Every day and every hour, since May 25, 2020, the world’s attention has been consumed by the unjust killing of George Floyd while the ravages and death toll of COVID-19 stealthily and disproportionately continues to kill people of color. In fact, the numbers in several states have worsened and the disproportionality has exponentially increased. As an African American retired physician and cardiothoracic surgeon, I have witnessed disparities in healthcare and healthcare outcomes all my professional career.
As a young doctor, my first year after completing medical school, I interned at a private hospital. I learned, after just a few months, while the patient to doctor ratio was excellent, I was the only black doctor in the hospital. I also learned that private hospitals can choose to turn patients away if they believe the patient is not able to pay for services since they are privately funded. It was obvious to me that the technology and amenities were cutting edge. Most of the patients were white.
In my second year, following medical school, I chose a surgical residency program in a public hospital. Again, I was one of only a few doctors of color in a large metropolitan hospital. However, a disproportionate number of the patients were non-white. Wait times were significantly higher than in the private setting. Care was not as personalized because nurses and doctors were comparatively overburdened by patients and culturally incompatible.
Improved access to medical care through increasing the number of underrepresented minority primary care physicians in our State of California is one very important key to correcting these injustices. Now is the time to act.
Disproportionate rates of COVID-19 infection and death among Latinos, Native Americans and African Americans due to disproportionate rates of susceptible health conditions clearly demonstrate why any current or future efforts to increase the physician pool for a future health crisis or pandemic must be driven by efforts to increase its diversity.
In the words of Dr. James Hildreth, President, Meharry Medical College –
“The heavy toll of morbidity and mortality of the COVID 19 pandemic on minority communities is directly linked to the disproportionate burden of chronic diseases they carry. The evidence is clear that access to care from a diverse provider healthcare workforce would reduce this burden and could have dramatically reduced the devastating impact of SARS-CoV2 virus on these communities.”
According to the U.S. COVID Tracking Project:
These barriers discourage working families from seeking regular care. As a result, the state incurs higher costs to cover MediCal patients who are pushed to utilize urgent care and emergency rooms once they are affected by more acute medical conditions that could have been prevented with earlier and more regular access to a primary care physician.
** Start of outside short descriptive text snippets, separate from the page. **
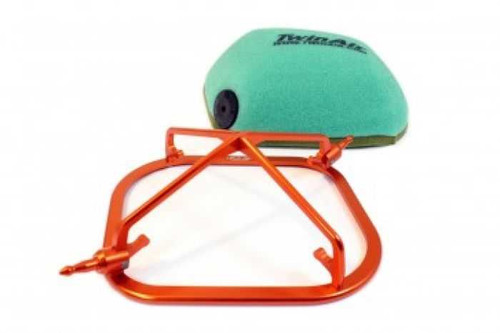 Twin Air Power Flow Kit Filter 154223C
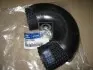 ПАТРУБОК РЕЗИНОВЫЙ HYUNDAI/KIA/ MOBIS 2826227800 (фото 1)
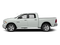 2017 RAM 1500 Big Horn 3.6 Liter V6 Crew Cab 4WD
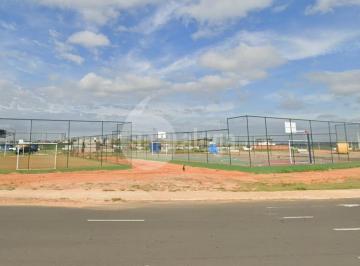 Terreno · 242m² · Terreno à Venda no Smart City Indaiá, Indaiatuba - R$170mil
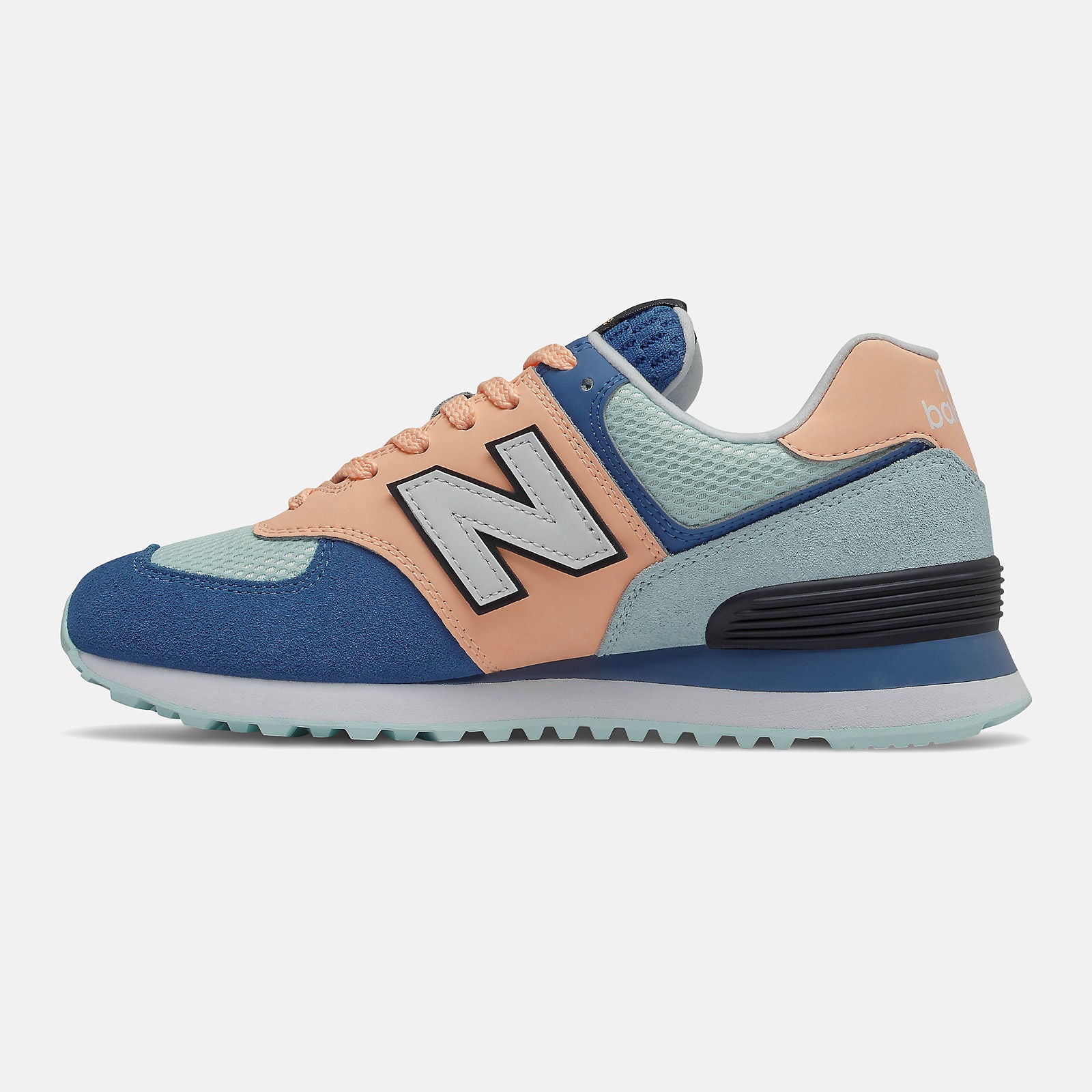 New Balance For Sale - 574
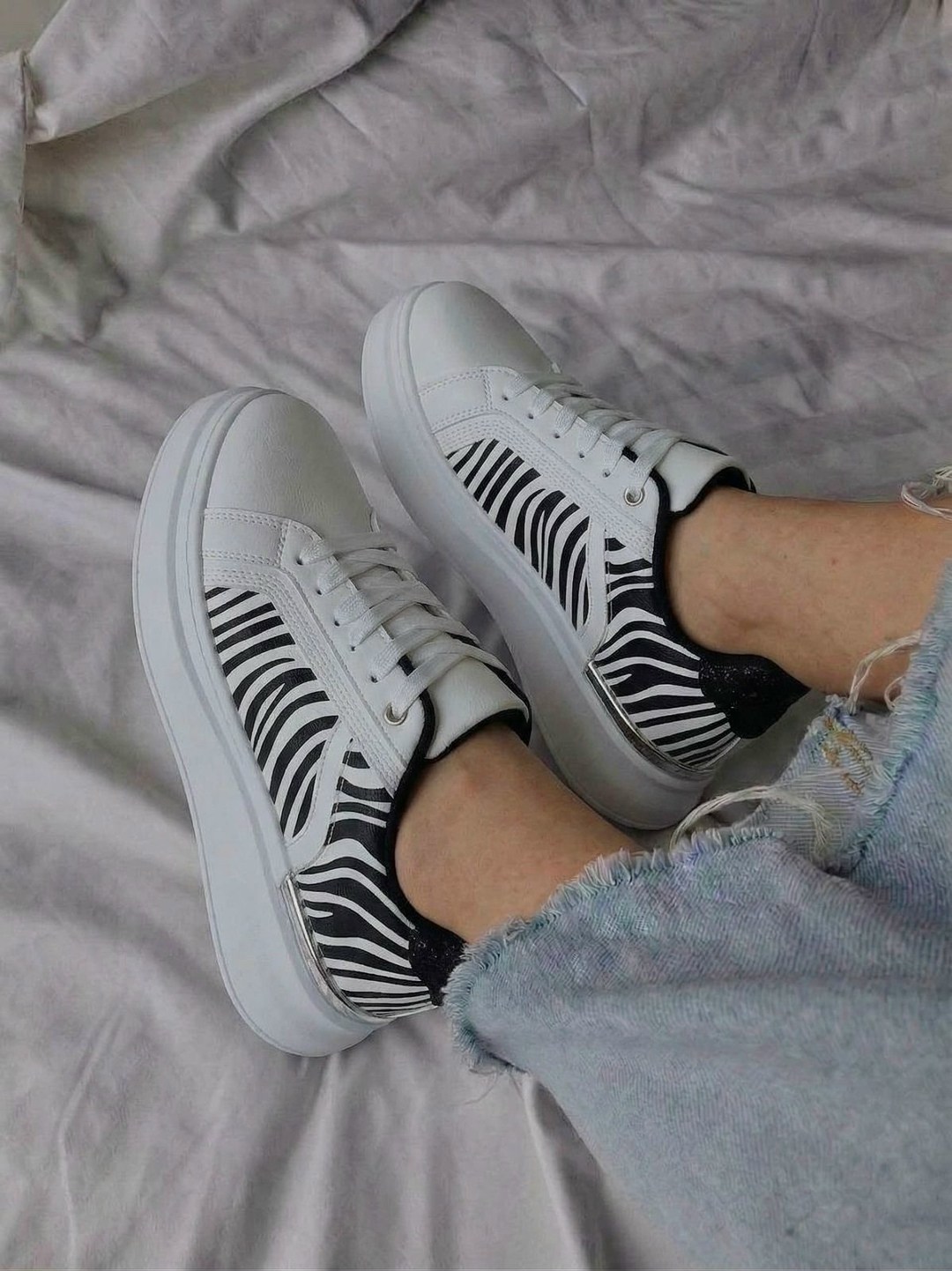 ,кеды женски,кроссовки женскиe,женские кеды,кеды кроссовки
Four years ago, a group of interested Californians met on the Campus of Stanford University to address the problem of inequities and disparities in the health and health outcomes of California’s diverse communities. We developed a mission statement related to a proposed program, The California Medicine Scholars Program (CMSP):
“The California Medicine Scholars Program (CMSP) is a statewide, structured partnership pathway to produce underrepresented minority physicians via the California Community Colleges to reduce inequities and disparities in the health and health outcomes of California’s diverse communities.”
Four years later, as a direct result of that meeting and the work that followed, California Senate Bill 40, sponsored by Senator Melissa Hurtado is, today, making its way through the legislative process.
If passed, SB 40 will establish the California Medicine Scholars Program (CMSP) as a three-year pilot program in four regions across the state. The CMS program is a pre-medical pathway pipeline program, in partnership with California Community Colleges (CCCs) and California’s medical schools operated through a statewide office and regional collaborations of higher education institutions and health centers, referred to as Regional Hubs of Excellence (RHE).
SB 40 will be a supportive pathway program for our state’s community college students to pursue pre-med training and enter medical school in California.
It is critical that efforts to increase access to care are driven by efforts to increase the number of diverse physicians entering the practice, and to ensure access to prospective doctors who are from the communities they will serve. African American, Native American, Pacific Islander and Latinx physicians are extremely underrepresented across California.
For example, researchers from the UCLA Latino Policy and Politics Initiative (LPPI) reported in 2018 that the scarcity of Latino physicians in California has led to a deficit of 54,655 Latino physicians required to achieve parity with non-Latino White physicians. If existing trends in recruitment and training of physicians in the state efforts continue, LPPI researchers calculated it will take California five centuries to reach parity.
So, lets take advantage of this period of heightened attention to unfair disparities and address the institutionalization of healthcare discrimination.
Future disasters here in our State are not just possible, but likely. When they come, they will once again expose the ugly underside of health disparities unless we prepare now. Additionally, California is at risk for such events due to our global travel hubs and cosmopolitan populations. Patients must have access to culturally competent care that they can trust, and who understand their experiences and limitations.
CA Medicine would help produce physicians who, once trained, would care for such communities, and come from a background that would help them have an understanding of the way of life that would be integral to enabling them to help stop or limit the next pandemic.
Coyness L. Ennix, Jr. M.D., F.A.C.S.